Provide financial literacy training

Letters

THE media statement by the Department of Commerce and Industry regarding financial partnership agreement to roll out K200 million for SME with the Bank of South Pacific (BSP) and the National Development Bank (NDB) in The National on Sept 7 is well articulated.
The policy covers individuals and organised groups in two categories as a start-up loan and a grower loan.
The start-up loan aims to support those who are not yet in business or targeting new business.
The loan aims to support those already in business.
The support comes as a loan through the two banks (BSP and NDB) with their terms and conditions that must to be met by potential SME loan applicants.
As this is a loan, the principle loan amount taken out should be repaid with an interest over the agreed period of time.

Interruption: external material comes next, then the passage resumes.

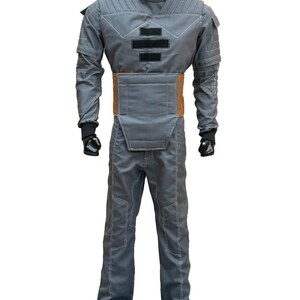 May include: A gray jumpsuit with white stitching, a high collar, and a brown belt. The costume has padded sections on the chest and shoulders, with black gloves and a black head covering. The outfit is displayed on a mannequin.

The support is timely and inclusive and stands to enable those who need assistance.
Though the support is well-intended, it is a risky investment by the Government with millions of kina.
The risk is that only a few borrowers will survive while most of them will not survive due to many challenges of operating businesses.

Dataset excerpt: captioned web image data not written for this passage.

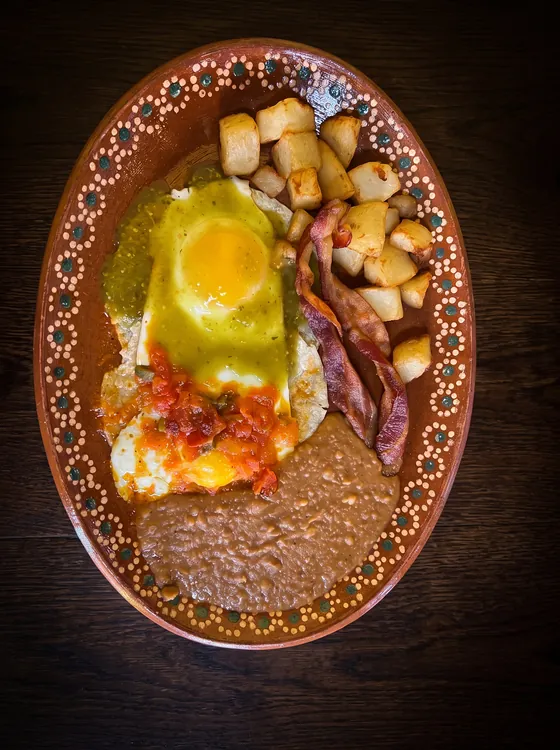 Eggs under green and red salsa with bacon, fried potato cubes and refried beans.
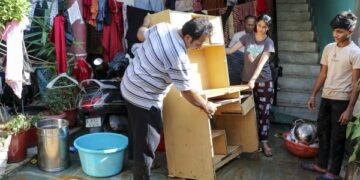 Residents struggle to clear sludge inundating homes after record rainfall floods Jammu localities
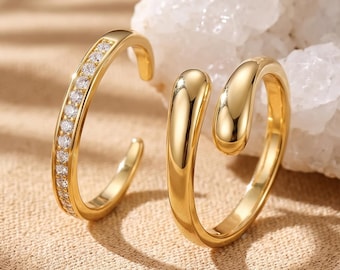 Könnte beinhalten: Zwei goldfarbene offene Ringe. Ein Ring hat ein schmales Band, das mit einer Reihe kleiner, klarer, funkelnder Steine besetzt ist. Der zweite Ring hat eine glatte, polierte, goldfarbene Oberfläche mit einem abgerundeten, tropfenförmigen Design.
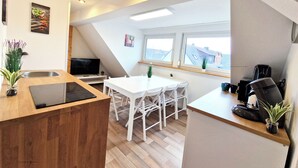 Een moderne keuken met een eethoek, een televisie en een koffieapparaat.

For positive results in the SME sector, capacity building of the SME participants through financial literacy skills training is important.
Firstly, most SMEs struggle, do not grow, or expand due to lack of skills and knowledge.
Secondly, the start-up for SME is critical as the participant is a new comer into business.
These people will not have the business skills and knowledge therefore will need financial literacy training.
Given the impediments for success in SME business, it is critical that financial literacy skills’ training is considered a priority by BSP and NDB.
The loan condition (four) states clearly that applicants must possess ‘financial literacy skills’.
As a financial literacy skills training provider, I see that all other loan conditions set out are captured in the financial literacy trainings conducted.
For maximum returns to SMEs, the banks and the government should prioritise and fund financial literacy skills training for applicants to attend and equip themselves.
As required, loan applicants will have met the financial literacy skills through presentation of the certificate.
In summary, financial literacy skills training is necessary to grow the overall investment for success achieve desired outcomes.
The lack of training will result in failure.
With the government’s seriousness in promoting SME sector with massive investment, BSP and NDB should consider creating partnership with financial literacy skills training providers.
This is to help roll out the policy directives for the success of the investment.
Let’s support our people and move PNG forward.